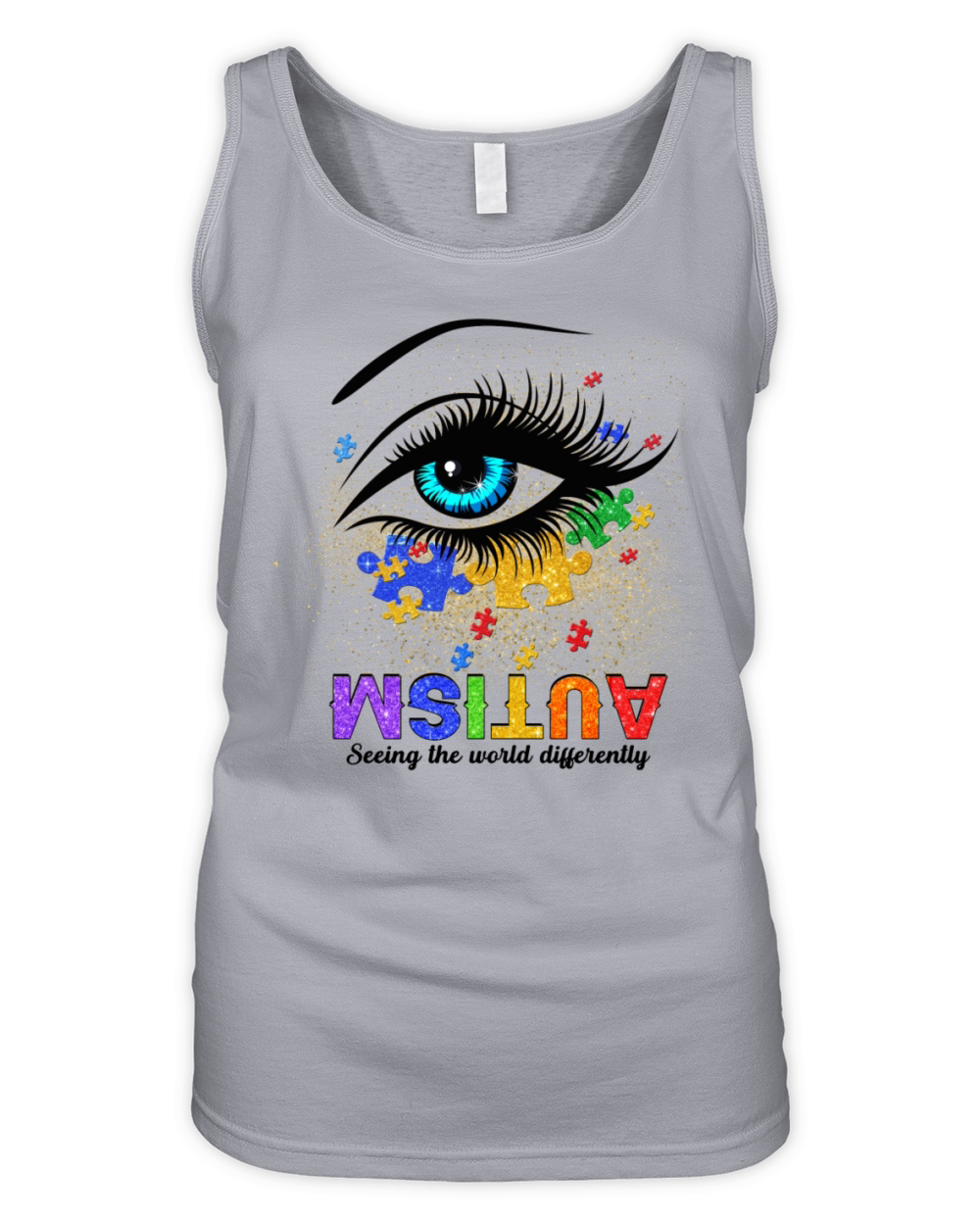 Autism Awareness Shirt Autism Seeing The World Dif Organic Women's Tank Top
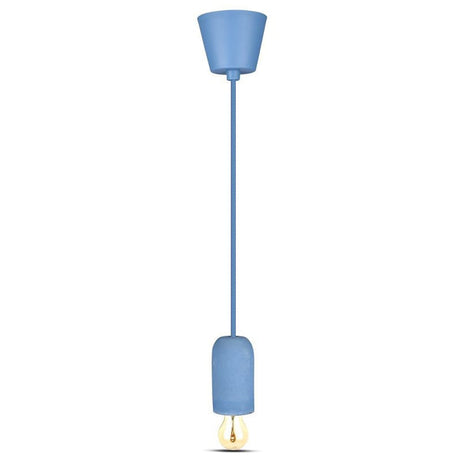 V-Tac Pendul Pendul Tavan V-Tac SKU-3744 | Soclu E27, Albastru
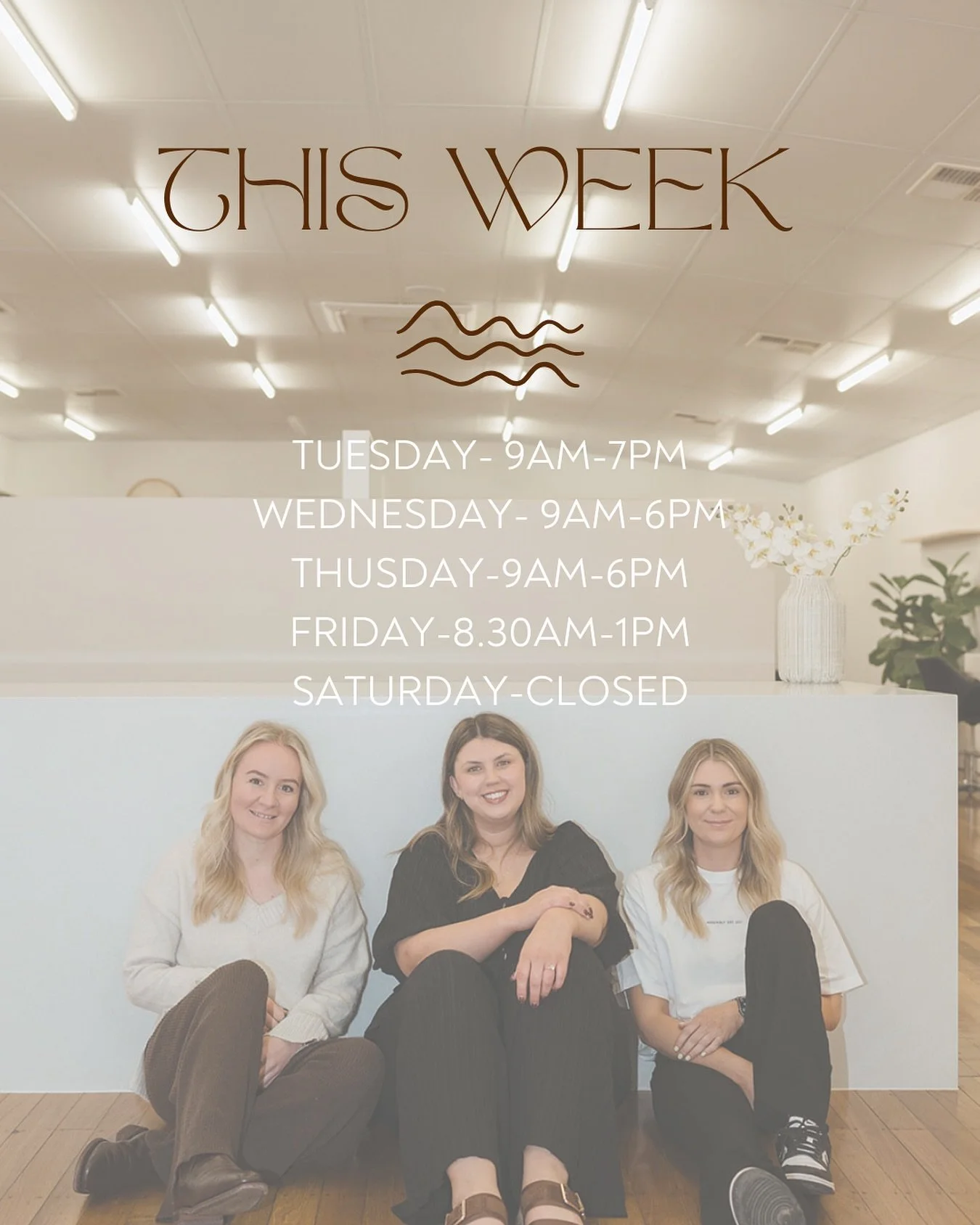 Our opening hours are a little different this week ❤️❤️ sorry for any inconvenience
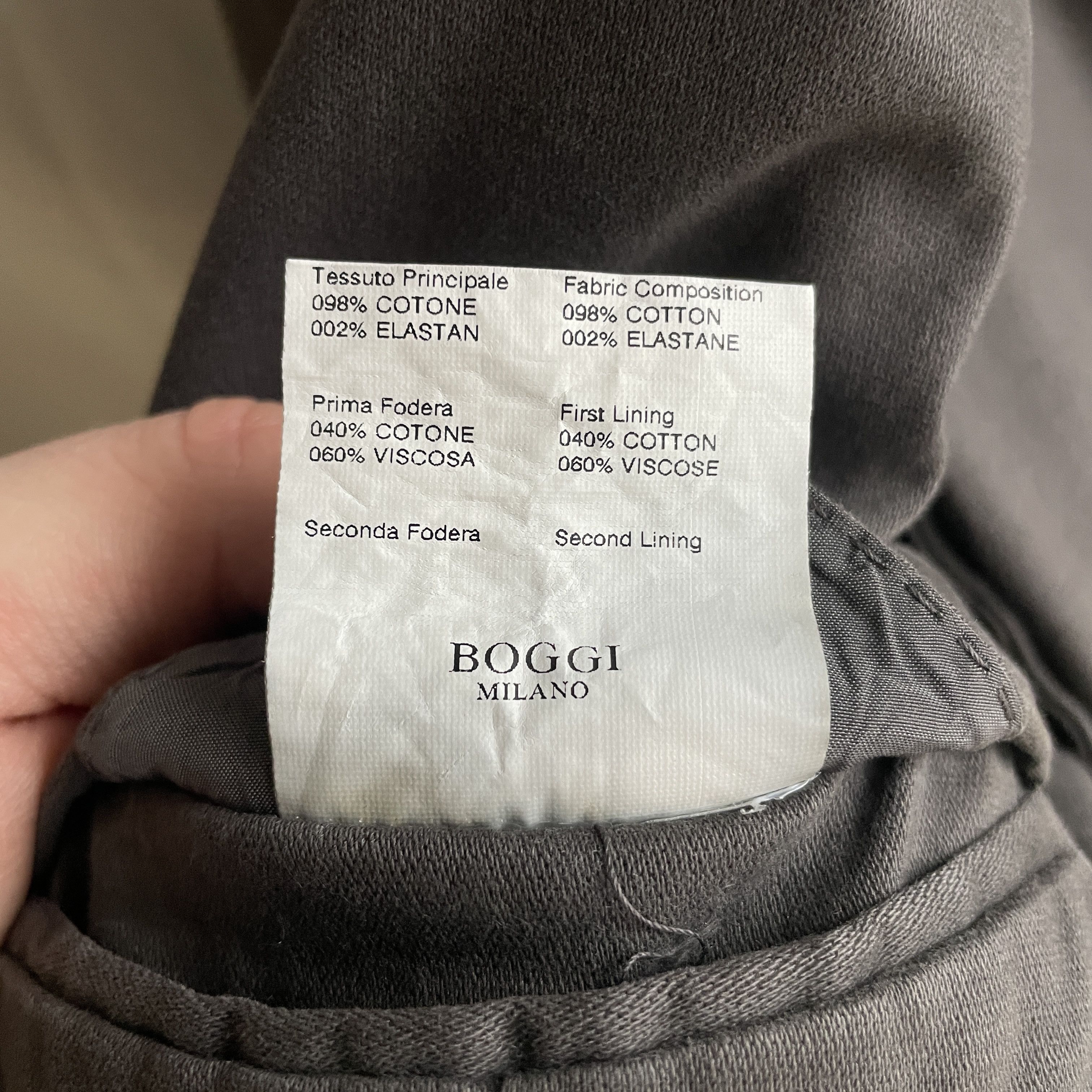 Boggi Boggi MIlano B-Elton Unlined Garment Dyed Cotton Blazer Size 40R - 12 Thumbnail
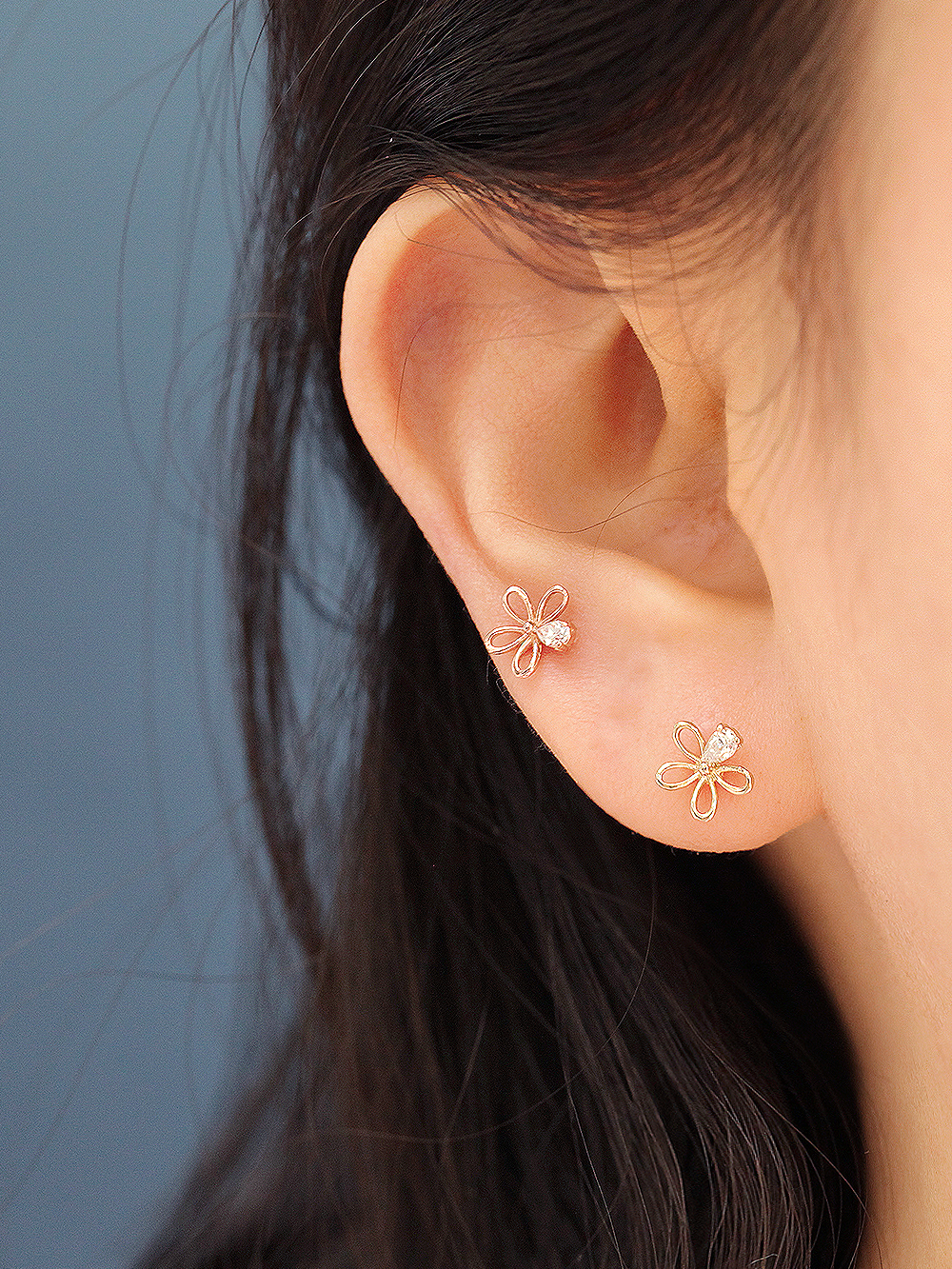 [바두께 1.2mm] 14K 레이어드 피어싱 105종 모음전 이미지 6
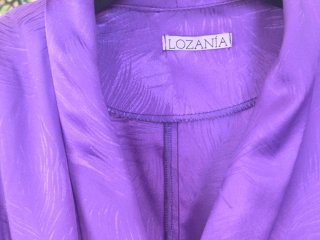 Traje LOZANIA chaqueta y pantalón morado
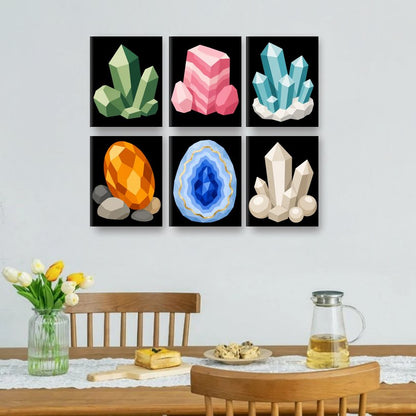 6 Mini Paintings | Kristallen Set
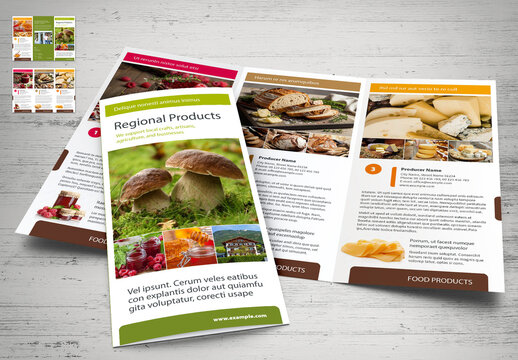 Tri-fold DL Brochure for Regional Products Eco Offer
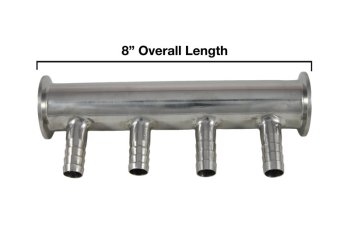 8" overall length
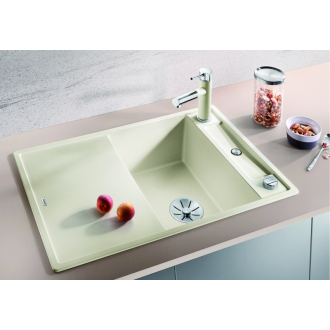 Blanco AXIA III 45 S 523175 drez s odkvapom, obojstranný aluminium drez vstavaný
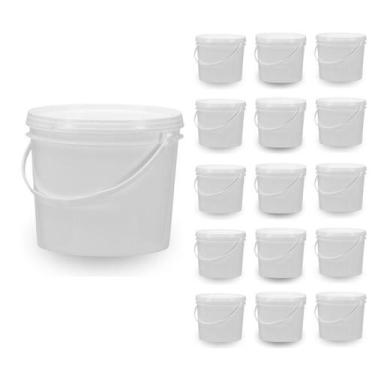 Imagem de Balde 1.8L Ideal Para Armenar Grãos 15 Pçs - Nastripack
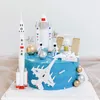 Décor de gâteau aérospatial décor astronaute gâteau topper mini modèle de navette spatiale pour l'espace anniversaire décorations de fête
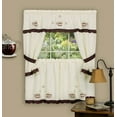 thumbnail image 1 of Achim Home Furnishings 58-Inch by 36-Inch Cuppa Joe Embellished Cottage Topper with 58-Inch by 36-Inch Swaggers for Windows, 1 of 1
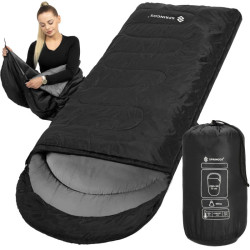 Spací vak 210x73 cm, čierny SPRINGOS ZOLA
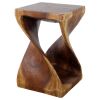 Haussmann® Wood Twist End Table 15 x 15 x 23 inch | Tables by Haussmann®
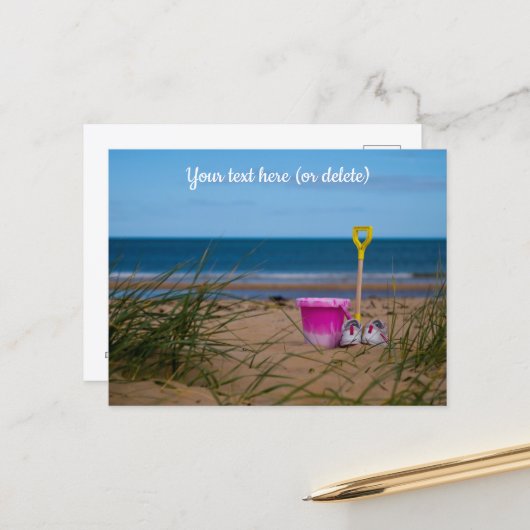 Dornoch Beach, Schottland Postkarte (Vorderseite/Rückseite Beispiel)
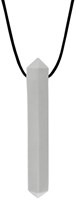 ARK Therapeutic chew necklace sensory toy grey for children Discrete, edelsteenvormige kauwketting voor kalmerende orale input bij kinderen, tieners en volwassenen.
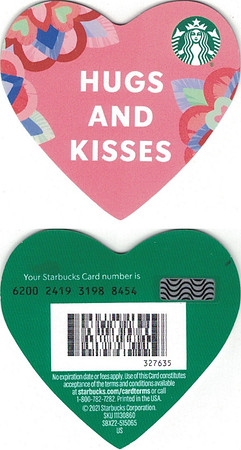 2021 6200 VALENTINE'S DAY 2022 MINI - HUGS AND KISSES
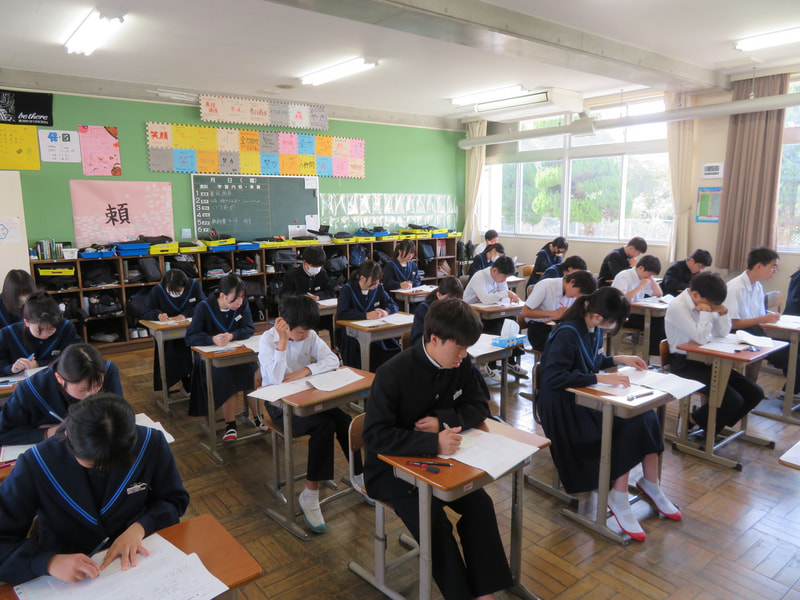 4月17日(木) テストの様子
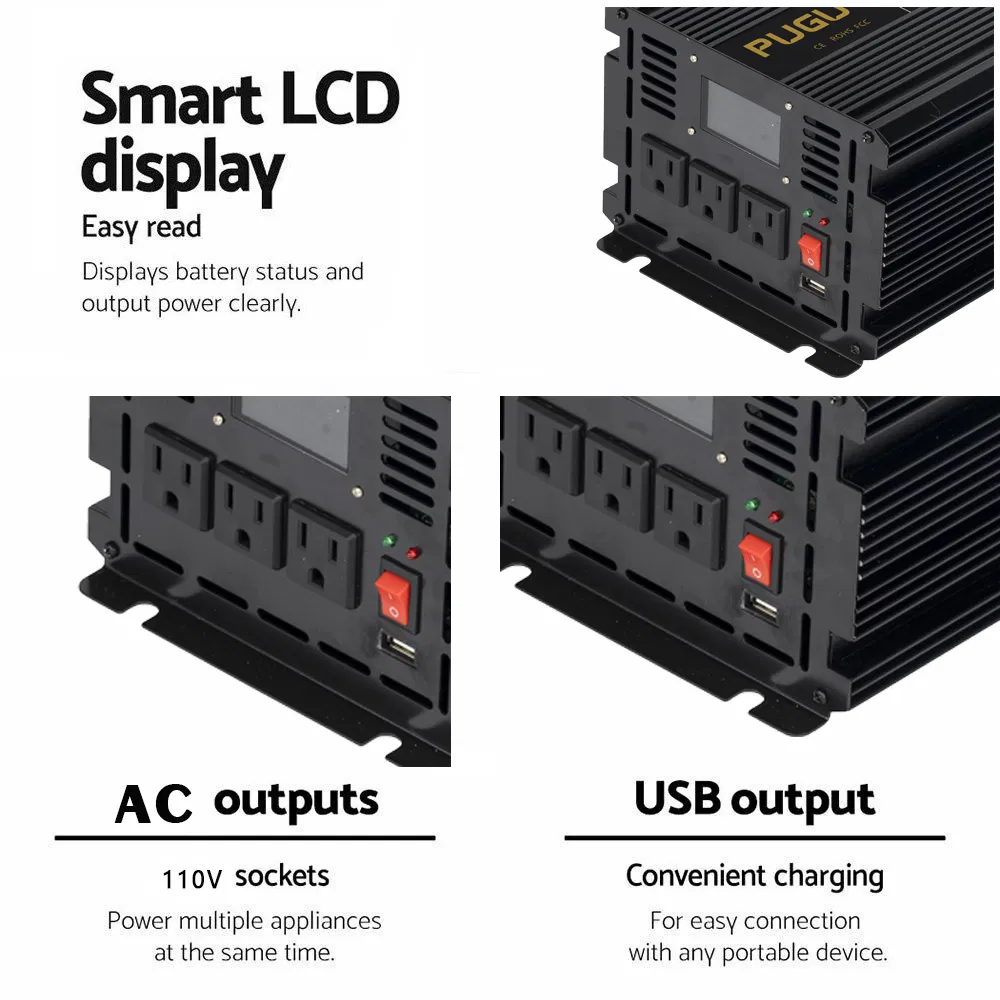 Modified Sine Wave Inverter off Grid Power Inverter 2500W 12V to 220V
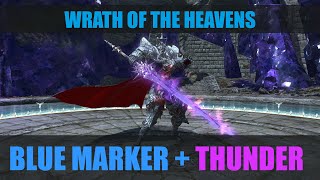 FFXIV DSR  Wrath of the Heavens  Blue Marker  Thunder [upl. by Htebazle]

Task goal: Reproduce word for word, with pictures dropped, only the part of the material above that opens with the line containing "V-Tac Pendul Pendul" and closes with the line containing "6 Mini Paintings | Kristallen Set".

The completed task:
 V-Tac Pendul Pendul Tavan V-Tac SKU-3744 | Soclu E27, Albastru
 Our opening hours are a little different this week ❤️❤️ sorry for any inconvenience
 Boggi Boggi MIlano B-Elton Unlined Garment Dyed Cotton Blazer Size 40R - 12 Thumbnail
 [바두께 1.2mm] 14K 레이어드 피어싱 105종 모음전 이미지 6
 Traje LOZANIA chaqueta y pantalón morado
 6 Mini Paintings | Kristallen Set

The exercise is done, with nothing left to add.